=== INPUT ===
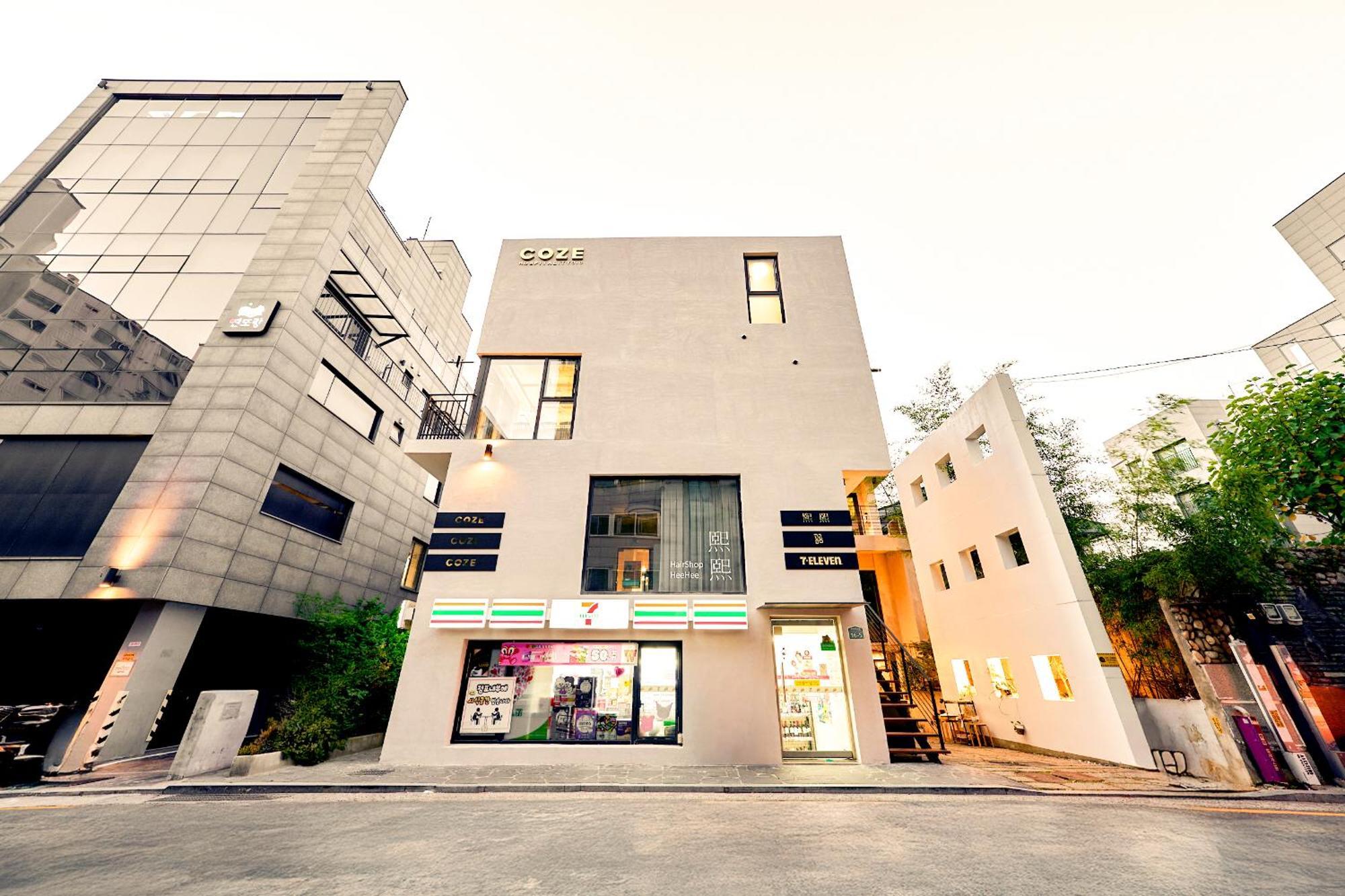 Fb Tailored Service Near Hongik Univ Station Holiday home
===
=== INPUT ===
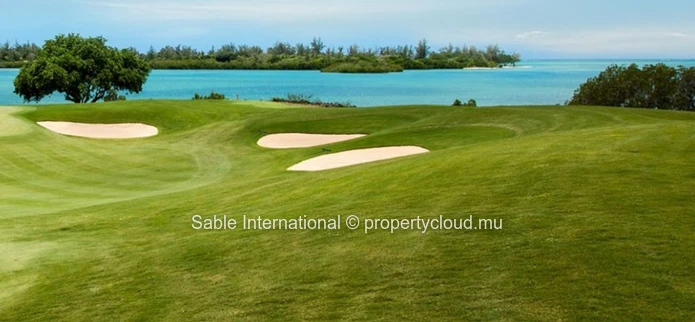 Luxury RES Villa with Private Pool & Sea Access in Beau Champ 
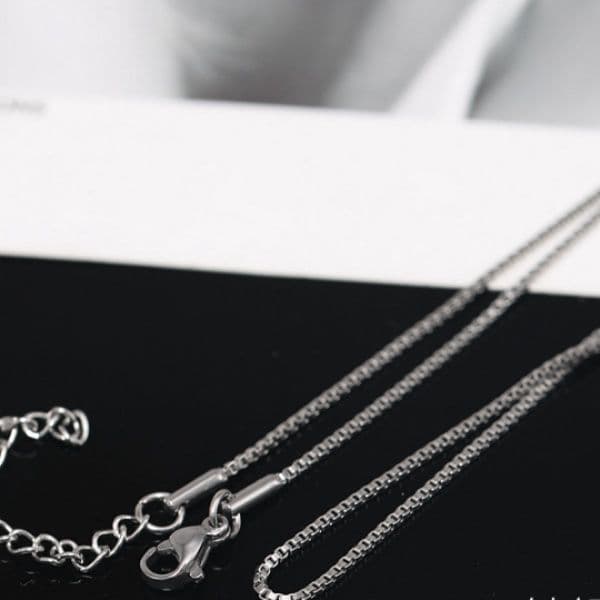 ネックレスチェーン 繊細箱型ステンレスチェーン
===
#### [YOUR INSTRUCTIONS]
After locating the line containing "Luxury RES Villa" in the entries above, return it and every line after it exactly, ending at the line containing "ネックレスチェーン 繊細箱型ステンレスチェーン", without pictures.

#### [ANSWER BELOW]
 Luxury RES Villa with Private Pool & Sea Access in Beau Champ 
 ネックレスチェーン 繊細箱型ステンレスチェーン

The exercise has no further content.